BEGIN Record set
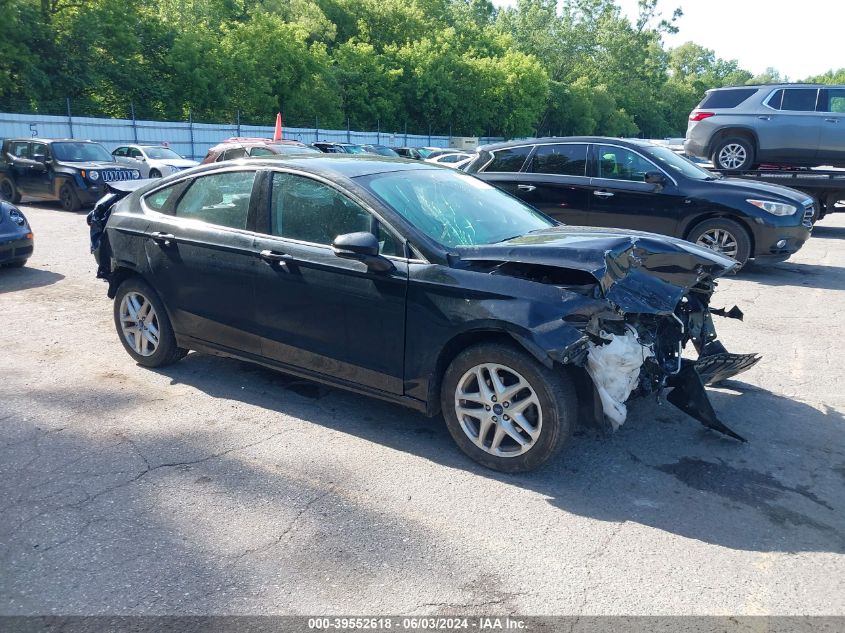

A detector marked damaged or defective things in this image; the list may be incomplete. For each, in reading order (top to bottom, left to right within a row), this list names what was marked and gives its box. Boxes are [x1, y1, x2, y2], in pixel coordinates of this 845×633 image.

cracked pavement [1, 201, 844, 612]
black damaged sedan [89, 154, 760, 470]
crushed hood [454, 227, 740, 316]
front bumper damage [458, 230, 760, 442]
END Record set
== Your objective ==
When you copy the listing above, reproduce every line exactly and skip the images.

== Exercise response ==
A detector marked damaged or defective things in this image; the list may be incomplete. For each, in reading order (top to bottom, left to right within a row), this list names what was marked and gives its box. Boxes are [x1, y1, x2, y2], in pixel coordinates of this 845×633 image.

cracked pavement [1, 201, 844, 612]
black damaged sedan [89, 154, 760, 470]
crushed hood [454, 227, 740, 316]
front bumper damage [458, 230, 760, 442]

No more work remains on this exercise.